A recent review of Penman's newest novel, Lionheart, induced me to detour from my early-American reading path to catch up on Penman's explorations of Henry and Eleanor's 12th-century world. Penman really is, in my opinion, one of the best historical novelists writing today, and I can give Devil's Brood straight 5's on my five criteria without even thinking much about it. She's probably not for everyone - there are times when the reader wonders, "where's the fiction?". Penman is so scrupulous about adhering to historical sources that it sometimes seems like you're reading a family biography rather than a novel. The saving grace is the way she creates wonderfully complex and subtly-nuanced fictionalized historical characters that seem so authentic. Certainly there is some modern bias, which is unavoidable, but it never jumps up to slap you in the face. To the extent that it's possible to make the minds of a 12th-century French-speaking royal family accessible to a modern English-speaking reader - without romanticizing or condescending - Penman does.

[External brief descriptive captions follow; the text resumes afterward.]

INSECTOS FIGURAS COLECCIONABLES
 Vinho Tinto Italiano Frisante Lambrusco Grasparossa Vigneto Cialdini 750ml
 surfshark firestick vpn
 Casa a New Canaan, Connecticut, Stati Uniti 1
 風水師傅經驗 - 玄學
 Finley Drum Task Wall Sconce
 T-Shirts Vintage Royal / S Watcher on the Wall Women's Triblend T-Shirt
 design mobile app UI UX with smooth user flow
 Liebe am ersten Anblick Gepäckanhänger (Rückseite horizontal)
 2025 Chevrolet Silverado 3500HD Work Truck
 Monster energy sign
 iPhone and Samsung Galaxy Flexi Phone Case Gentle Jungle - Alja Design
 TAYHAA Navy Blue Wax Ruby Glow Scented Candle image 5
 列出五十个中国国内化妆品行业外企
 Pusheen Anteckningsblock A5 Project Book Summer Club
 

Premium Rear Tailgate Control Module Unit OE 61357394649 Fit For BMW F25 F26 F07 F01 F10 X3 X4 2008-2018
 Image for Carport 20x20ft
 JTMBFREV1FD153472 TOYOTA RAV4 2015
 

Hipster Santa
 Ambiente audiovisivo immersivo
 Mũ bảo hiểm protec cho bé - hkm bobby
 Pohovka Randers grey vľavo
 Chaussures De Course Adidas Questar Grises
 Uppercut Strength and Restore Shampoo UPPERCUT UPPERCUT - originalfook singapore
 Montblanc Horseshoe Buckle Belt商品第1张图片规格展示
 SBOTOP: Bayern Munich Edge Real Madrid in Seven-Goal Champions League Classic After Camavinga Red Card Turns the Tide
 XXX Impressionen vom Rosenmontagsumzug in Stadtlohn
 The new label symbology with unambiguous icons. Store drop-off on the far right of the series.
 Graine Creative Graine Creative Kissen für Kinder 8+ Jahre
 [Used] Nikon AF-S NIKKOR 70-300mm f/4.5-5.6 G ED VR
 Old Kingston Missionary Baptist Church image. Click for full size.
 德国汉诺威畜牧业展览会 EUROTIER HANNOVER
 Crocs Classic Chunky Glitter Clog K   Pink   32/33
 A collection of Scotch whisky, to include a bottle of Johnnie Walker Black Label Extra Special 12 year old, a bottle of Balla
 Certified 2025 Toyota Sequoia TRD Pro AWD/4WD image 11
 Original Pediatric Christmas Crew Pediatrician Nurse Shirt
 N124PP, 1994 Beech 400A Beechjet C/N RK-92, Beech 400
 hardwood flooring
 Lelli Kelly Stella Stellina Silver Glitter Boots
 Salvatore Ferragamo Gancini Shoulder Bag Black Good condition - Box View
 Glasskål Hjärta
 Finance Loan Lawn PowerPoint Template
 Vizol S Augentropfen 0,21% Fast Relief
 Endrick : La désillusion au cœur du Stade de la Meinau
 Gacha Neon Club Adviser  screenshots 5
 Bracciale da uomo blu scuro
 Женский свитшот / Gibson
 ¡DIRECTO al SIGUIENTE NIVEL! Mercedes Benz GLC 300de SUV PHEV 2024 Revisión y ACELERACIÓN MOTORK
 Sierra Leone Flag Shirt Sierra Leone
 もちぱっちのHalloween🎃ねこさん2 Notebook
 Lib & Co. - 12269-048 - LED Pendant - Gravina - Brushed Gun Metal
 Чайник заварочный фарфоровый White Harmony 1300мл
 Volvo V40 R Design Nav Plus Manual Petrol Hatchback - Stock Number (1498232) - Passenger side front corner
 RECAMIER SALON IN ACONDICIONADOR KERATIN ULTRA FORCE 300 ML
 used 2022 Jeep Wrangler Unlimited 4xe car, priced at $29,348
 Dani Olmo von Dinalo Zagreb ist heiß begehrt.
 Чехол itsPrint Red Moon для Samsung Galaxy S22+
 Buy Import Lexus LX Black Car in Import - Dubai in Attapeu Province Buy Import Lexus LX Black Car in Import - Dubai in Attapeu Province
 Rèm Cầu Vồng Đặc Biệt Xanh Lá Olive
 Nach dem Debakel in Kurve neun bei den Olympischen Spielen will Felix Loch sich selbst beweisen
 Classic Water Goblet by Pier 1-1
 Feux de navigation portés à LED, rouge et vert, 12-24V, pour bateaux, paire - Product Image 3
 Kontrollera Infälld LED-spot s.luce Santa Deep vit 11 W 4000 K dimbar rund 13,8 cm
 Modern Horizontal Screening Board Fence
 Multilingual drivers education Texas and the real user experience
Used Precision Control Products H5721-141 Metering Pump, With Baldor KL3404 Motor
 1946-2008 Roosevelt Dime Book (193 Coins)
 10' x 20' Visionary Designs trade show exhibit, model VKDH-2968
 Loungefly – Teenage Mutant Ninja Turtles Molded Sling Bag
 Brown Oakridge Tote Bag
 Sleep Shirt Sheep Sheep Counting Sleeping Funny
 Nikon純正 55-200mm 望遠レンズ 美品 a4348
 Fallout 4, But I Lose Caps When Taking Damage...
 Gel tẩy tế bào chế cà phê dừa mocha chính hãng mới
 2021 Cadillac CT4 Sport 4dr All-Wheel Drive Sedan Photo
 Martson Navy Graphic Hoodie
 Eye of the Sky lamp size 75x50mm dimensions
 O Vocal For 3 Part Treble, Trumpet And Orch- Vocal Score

Devil's Brood is subtitled, "The last days of the tempestuous marriage of Henry II and Eleanor of Aquitaine", and that sums it up pretty well. The story picks up where Time and Chance, the previous novel in Penman's "Plantagenet series", left off. It's April of 1172 and Henry is returning to Wales from Ireland, where he had gone to solidify his rule over the feuding Irish kings. Also, it was wise for Henry to be out of England following the death of Thomas Beckett, the climactic event of Time and Chance. The Devil's Brood referred to in the novel's title was Henry's four sons, who took turns scheming, defying and rebelling as they came of age and began to chafe under their father's authority. The novel concludes following the death of Henry in 1189. Lionheart will presumably take up the story at that point.
Friday, October 7, 2011
As noted previously, when reading a historical novel I like to have one or more reliable works of straight history near to hand for fact-checking. I initially failed to do that while reading the Barbary War sections of Kenneth Roberts' Lydia Bailey (see 08-30 post). Since then, I found a very well-written history entitled Pirate Coast: Thomas Jefferson, the First Marines, and the Secret Mission of 1805, by Richard Zacks. Zacks' book confirms the general historical accuracy of Roberts' novel. It also confirms my comments about Roberts' tendency to polarize historical characters into good/evil extremes. Pirate Coast is highly recommended for fulfillment of my first criterium, "inspired me to further historical research".